When I was very young, Mom and Dad bought my Aunt Annie’s share of Pap’s estate, which consisted of some 11 hillside acres and an old house she and Uncle Mander had built on the property with the understanding they would one day inherit the premises on which it was erected.
The property was adjacent to Pap’s old homeplace, which he had bequeathed to Mom along with a similar amount of acreage. But Uncle Mander and Aunt Annie had long since decided that the times and job opportunities were far better in the industrial midwest than they were in the head of Blair Branch.
Staying on the hollow meant spending the daylight hours at high risk to life and on your knees deep inside a mine with just over 40 inches of head clearance and hand shoveling 16 tons of coal into small gondolas so that it could be pulled by ponies to the bright outdoors.
It also meant tending a few acres of hillside crops and orchards and growing hogs and chickens to put adequate food on the table because no miner could really afford to raise a family on the wages paid back the early ’50s.
Like thousands of other natives of the hills, Uncle Mander opted out and headed, with his growing family, to Ohio. Mom had spent a few years during World War II as a machinist in an arms factory in Detroit and Dad had traveled extensively as a soldier before they married, and they both had come to believe, when all was said and done, that there was no place like home.
They needed the extra land and the price was right and they figured they could rent out the house for $10 or $15 a month to keep up with the bank payments.
The house was build of rough sawed oak lumber and originally roofed with handmade white oak shingles. By the time Mom and Dad acquired it, the roof was so bad that it leaked even during a heavy dew fall. But Dad bought tin roofing for both it and Pap’s old barn and a host of my uncles and older cousins spent a weekend tearing off the shingles and putting on the new roofs.
As a testament to tin roofing, I will simply point out that both the old house and the barn are still standing, still dry, and have utility to this day. The house is no longer occupied and my brothers and I keep saying we will turn it into a place to go when we need to get back to our roots, but so far that hasn’t happened and we’re getting too up in years to realize the dream.
I’ve lost track of the newlyweds who started their original housekeeping in that old house. Suffice to say, it was so inconveniently located (parking lot several hundred feet away and a steep uphill walk) that living there provided much incentive to find a better place to live.

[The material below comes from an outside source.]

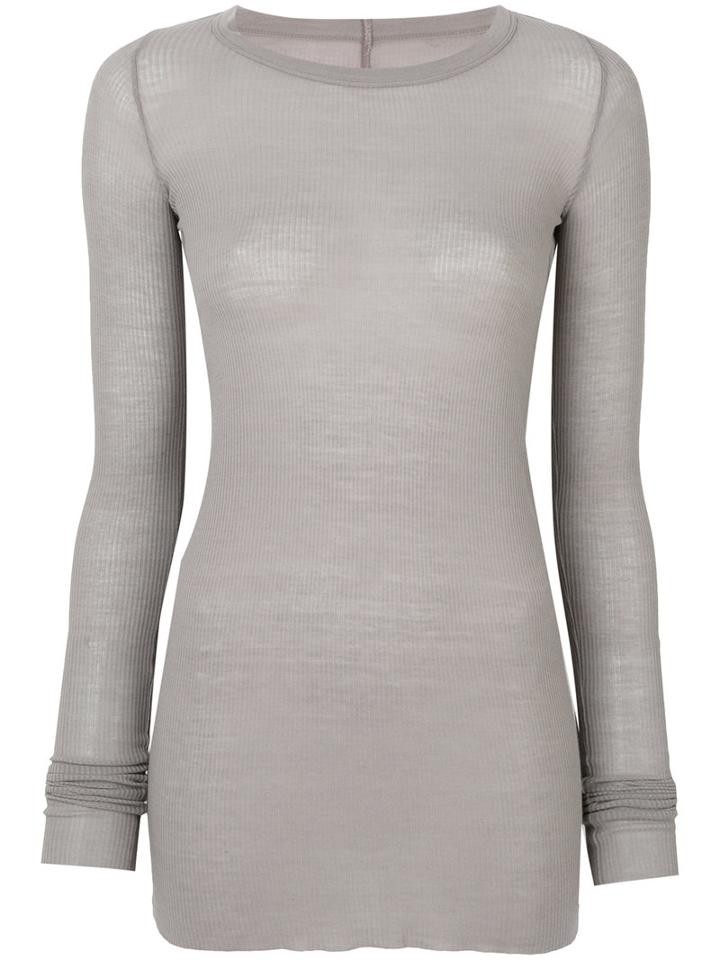 Rick Owens - Ribbed Top - Women - Silk/viscose - 44, Grey, Silk/viscose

But the rent was more than fair even if the well did go dry during hot weather.
A gentle little spring-fed stream that we called Mander’s Branch ran just beside and a few steps over the hill from the house so cool, clear, clean water was always available if one needed it bad enough. But still not the place for anybody sold on convenience.
Today I received a Christmas card from Lovell and Lois Blair and I have to sit back from my keyboard to recite the message because tears are rough on electronics, I am told. Here’s what Lois wrote:
“My memory takes me back this time of year to thinking about you 50 years ago and to a humble house and two precious people, Marie and Elmer Adams, and four little boys excited about Christmas. Oh how I’d like to go back, but I keep my memories. Love you, Lovell and Lois.”

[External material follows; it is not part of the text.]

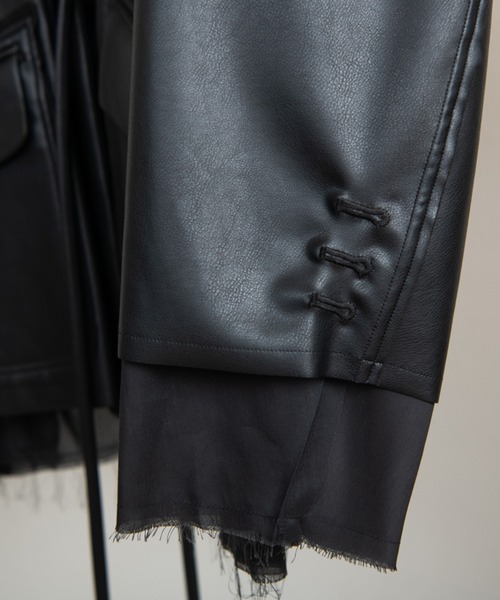 DISCOVERED(ディスカバード)の「DISCOVERED ディスカバード / FAKE LEATHER SAMUE JACKET フェイクレザー作務衣ジャケット / DC-AW22-JK-01(カバーオール・メンズ・ブラック・1/3)」の12枚目の写真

Lois spoke, in that brief and heartrending greeting, of my parents and my younger brothers and me when, just married, the Blairs lived in that old house to set up housekeeping and were far, far more than renters. They were the best of friends to our family and the ultimate best of neighbors. My mom cried when, a couple of years later, Lovell built his new home just down the road from us and they moved out. I’m sure she would have paid them to stay instead of the other way around. Lois was the daughter she never had and she was sure that Lovell hung the moon. My father was like-minded.
Lovell and Lois Blair are growing old but they still live there in the head of Blair Branch and anytime I start thinking about my youth, I think of them as mentors, shapers and makers of who and what I am. Lois used the term “precious” to describe my mom and dad. And though we live some 150 miles apart, Christmas would not be Christmas if we didn’t get in touch with one another. And, however rare and fleeting the notice may be, let each other know that we are loved.
I wish that Lovell and Lois knew how precious they are to me.